= WHAT THE TASK REQUIRES =
Repeat the records exactly. Leave out the pictures.
*** EXCERPTED DATA Section Begins ***
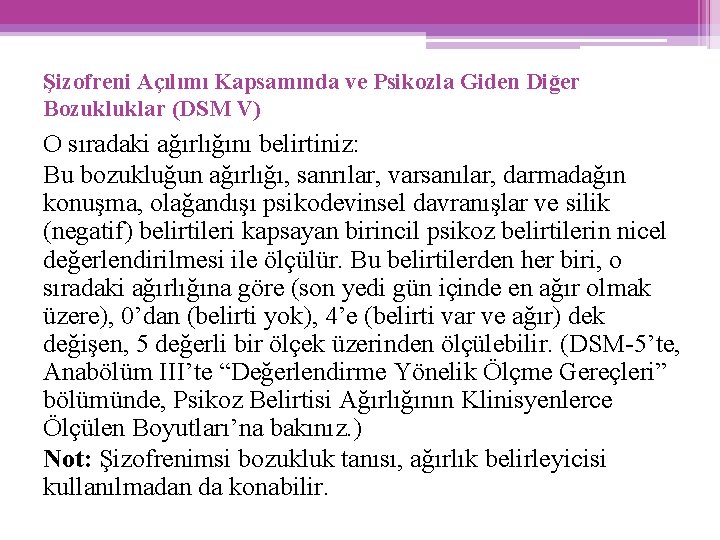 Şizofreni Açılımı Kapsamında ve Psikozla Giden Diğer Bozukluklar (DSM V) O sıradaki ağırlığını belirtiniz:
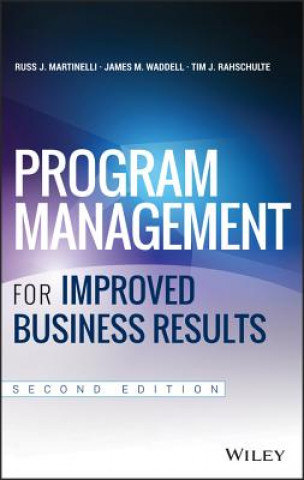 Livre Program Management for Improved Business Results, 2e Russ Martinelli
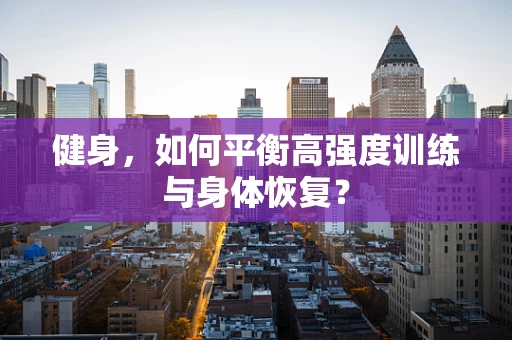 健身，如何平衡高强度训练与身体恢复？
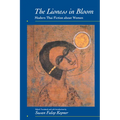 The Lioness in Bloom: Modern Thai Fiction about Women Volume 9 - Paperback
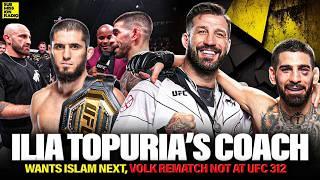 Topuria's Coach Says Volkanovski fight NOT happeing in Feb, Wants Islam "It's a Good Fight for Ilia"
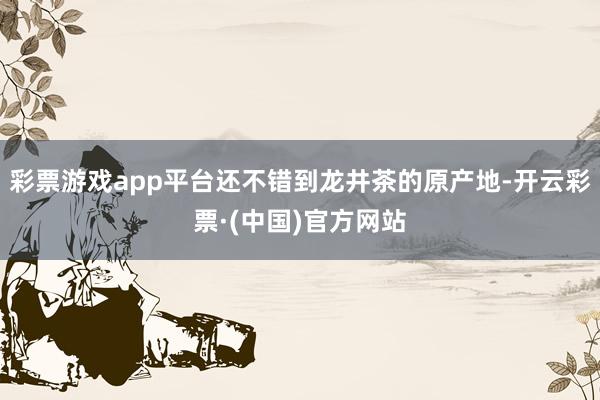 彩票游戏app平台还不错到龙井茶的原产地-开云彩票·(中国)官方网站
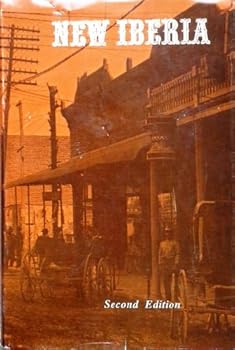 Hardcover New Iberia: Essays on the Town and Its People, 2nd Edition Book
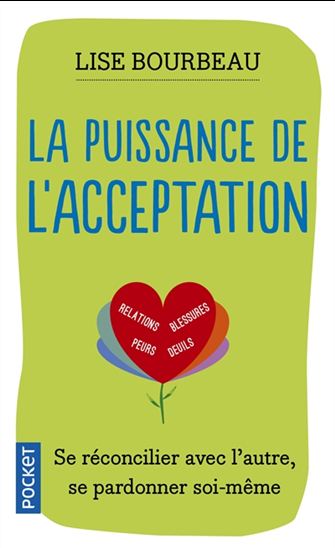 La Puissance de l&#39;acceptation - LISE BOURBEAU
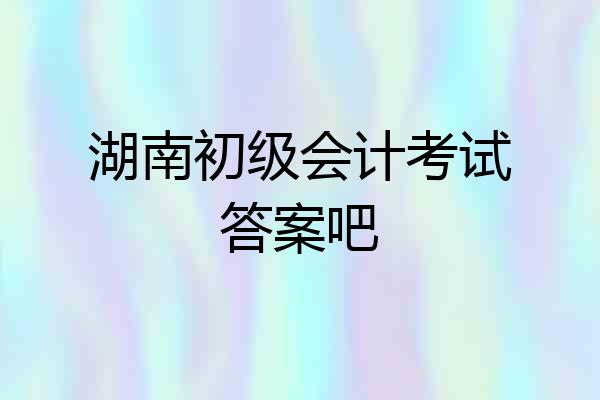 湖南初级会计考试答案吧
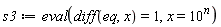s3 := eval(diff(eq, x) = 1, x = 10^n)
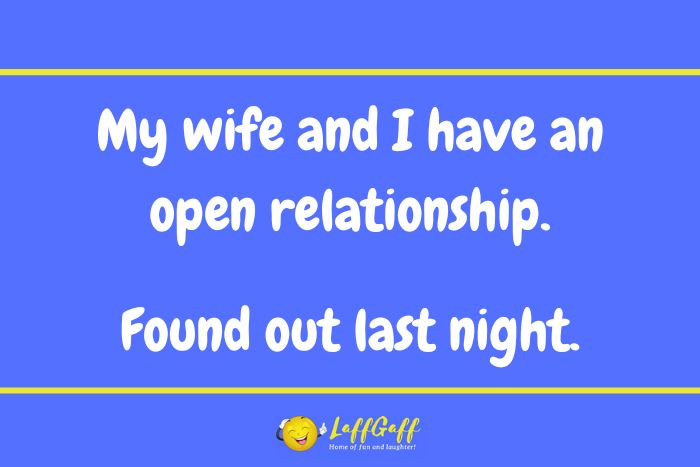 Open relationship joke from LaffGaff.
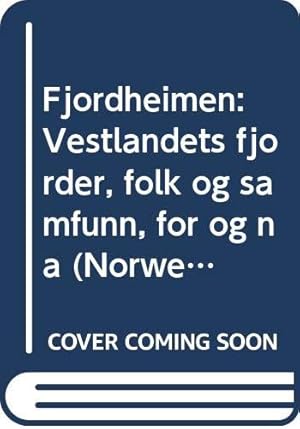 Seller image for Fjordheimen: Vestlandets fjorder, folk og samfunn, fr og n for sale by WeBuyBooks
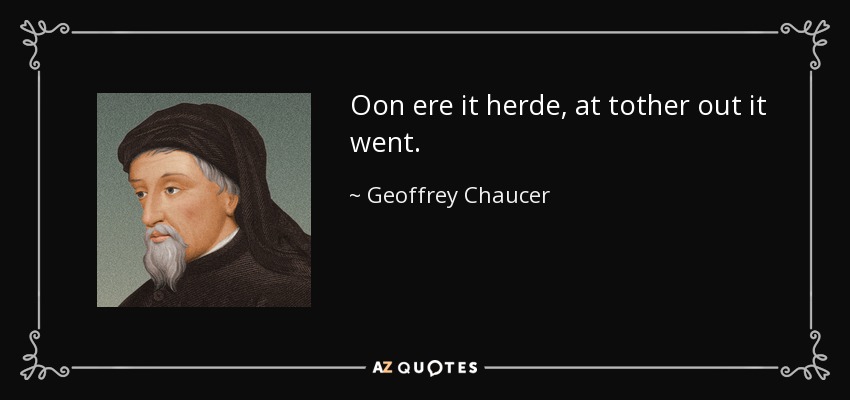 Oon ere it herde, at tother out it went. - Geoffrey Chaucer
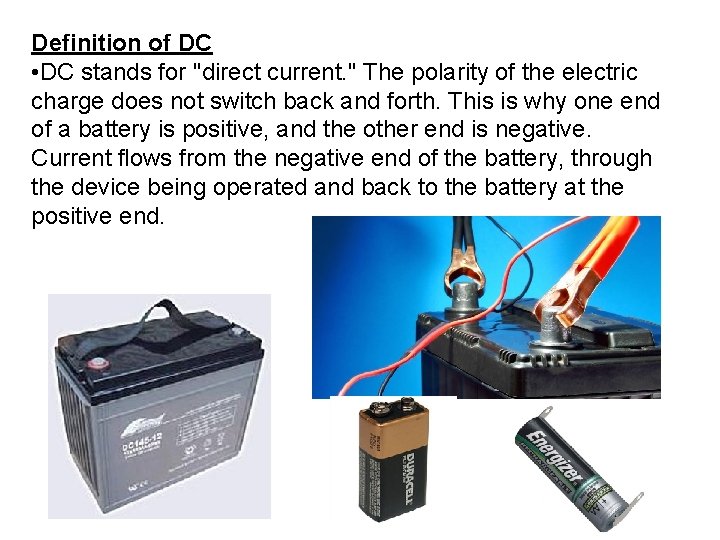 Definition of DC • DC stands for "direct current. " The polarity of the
*** EXCERPTED DATA Section Ends ***
= RESULT OF THIS TASK =
 Şizofreni Açılımı Kapsamında ve Psikozla Giden Diğer Bozukluklar (DSM V) O sıradaki ağırlığını belirtiniz:
 Livre Program Management for Improved Business Results, 2e Russ Martinelli
 健身，如何平衡高强度训练与身体恢复？
 The Lioness in Bloom: Modern Thai Fiction about Women Volume 9 - Paperback
 Topuria's Coach Says Volkanovski fight NOT happeing in Feb, Wants Islam "It's a Good Fight for Ilia"
 彩票游戏app平台还不错到龙井茶的原产地-开云彩票·(中国)官方网站
 Hardcover New Iberia: Essays on the Town and Its People, 2nd Edition Book
 La Puissance de l&#39;acceptation - LISE BOURBEAU
 湖南初级会计考试答案吧
s3 := eval(diff(eq, x) = 1, x = 10^n)
 Open relationship joke from LaffGaff.
 Seller image for Fjordheimen: Vestlandets fjorder, folk og samfunn, fr og n for sale by WeBuyBooks
 Oon ere it herde, at tother out it went. - Geoffrey Chaucer
 Definition of DC • DC stands for "direct current. " The polarity of the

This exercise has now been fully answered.